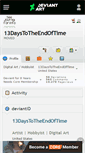 Mobile Screenshot of 13daystotheendoftime.deviantart.com
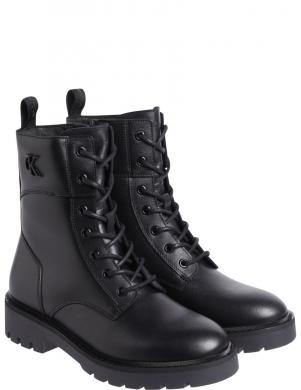 CALVIN KLEIN JEANS zābaki sievietēm, Melna, Combat boot zip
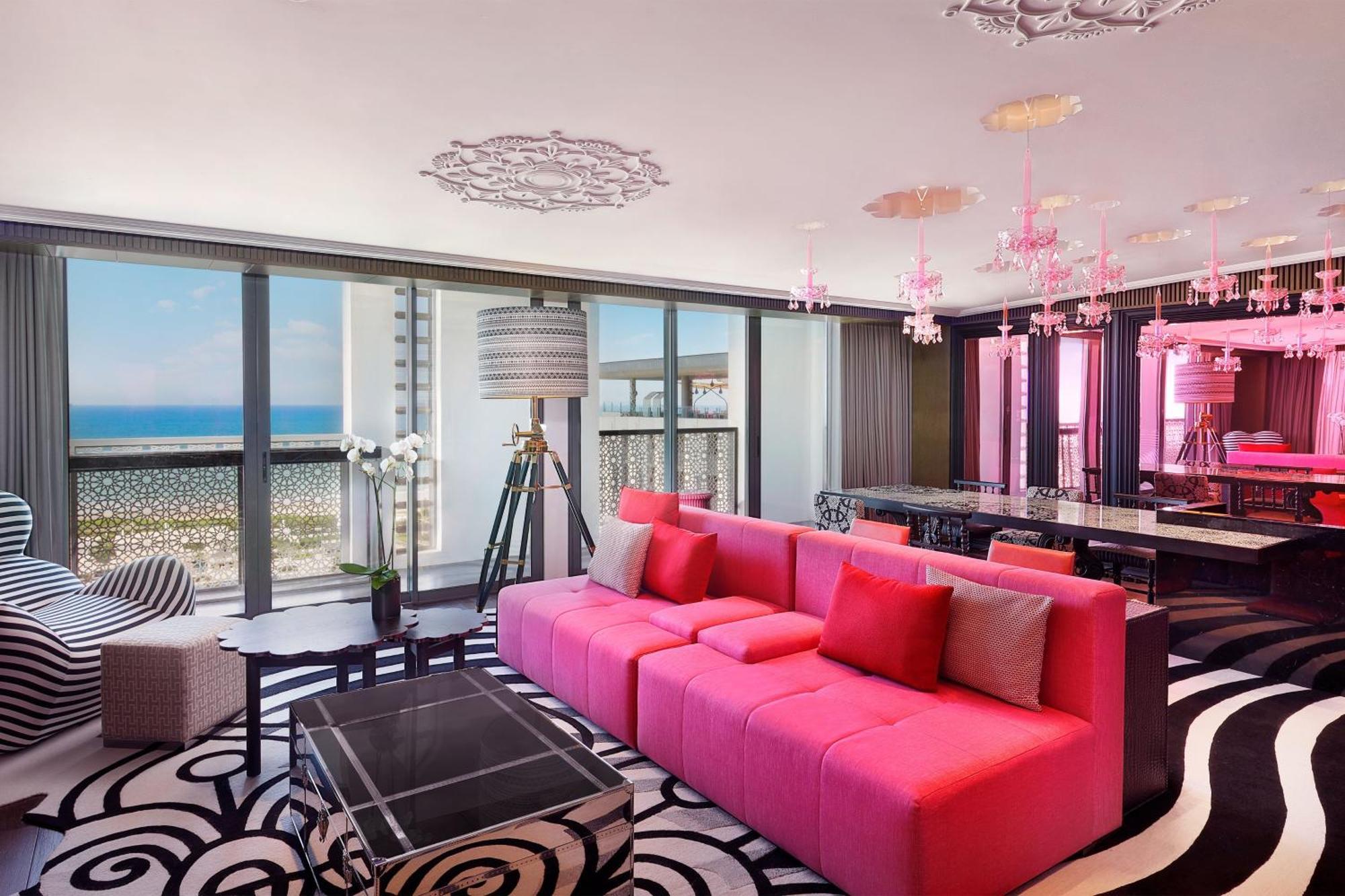 W Muscat Hotel Exterior foto A suite at W South Beach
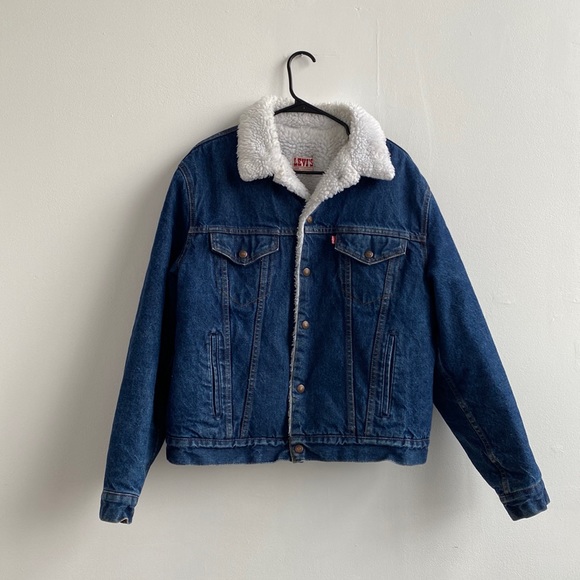 Levi’s Sherpa Collar Jean Jacket - Picture 1 of 3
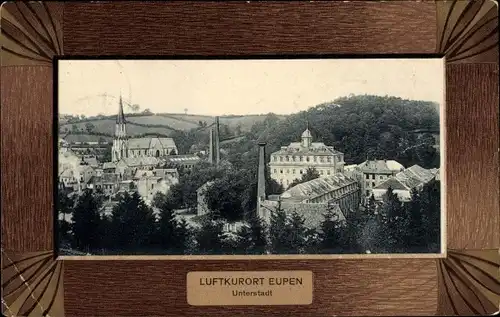 Passepartout Ak Eupen Wallonien Lüttich, Teilansicht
*-*-*
Work order: Output each record verbatim and leave out its pictures.

Final answer:
 Mobile Screenshot of 13daystotheendoftime.deviantart.com
 CALVIN KLEIN JEANS zābaki sievietēm, Melna, Combat boot zip
 W Muscat Hotel Exterior foto A suite at W South Beach
 Levi’s Sherpa Collar Jean Jacket - Picture 1 of 3
 Passepartout Ak Eupen Wallonien Lüttich, Teilansicht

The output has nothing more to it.